Source data:
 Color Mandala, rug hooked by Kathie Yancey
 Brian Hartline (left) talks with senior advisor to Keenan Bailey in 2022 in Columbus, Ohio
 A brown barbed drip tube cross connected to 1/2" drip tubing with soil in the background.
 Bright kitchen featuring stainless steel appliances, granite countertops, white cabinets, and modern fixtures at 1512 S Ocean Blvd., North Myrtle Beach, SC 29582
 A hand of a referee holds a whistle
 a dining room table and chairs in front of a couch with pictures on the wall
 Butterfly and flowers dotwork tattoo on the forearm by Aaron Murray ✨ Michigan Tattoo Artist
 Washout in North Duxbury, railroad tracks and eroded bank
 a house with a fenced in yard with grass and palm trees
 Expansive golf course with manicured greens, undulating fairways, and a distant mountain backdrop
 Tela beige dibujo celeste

Work task: Please make an exact copy of the entries, down to the last character.

Task solution:
 Color Mandala, rug hooked by Kathie Yancey
 Brian Hartline (left) talks with senior advisor to Keenan Bailey in 2022 in Columbus, Ohio
 A brown barbed drip tube cross connected to 1/2" drip tubing with soil in the background.
 Bright kitchen featuring stainless steel appliances, granite countertops, white cabinets, and modern fixtures at 1512 S Ocean Blvd., North Myrtle Beach, SC 29582
 A hand of a referee holds a whistle
 a dining room table and chairs in front of a couch with pictures on the wall
 Butterfly and flowers dotwork tattoo on the forearm by Aaron Murray ✨ Michigan Tattoo Artist
 Washout in North Duxbury, railroad tracks and eroded bank
 a house with a fenced in yard with grass and palm trees
 Expansive golf course with manicured greens, undulating fairways, and a distant mountain backdrop
 Tela beige dibujo celeste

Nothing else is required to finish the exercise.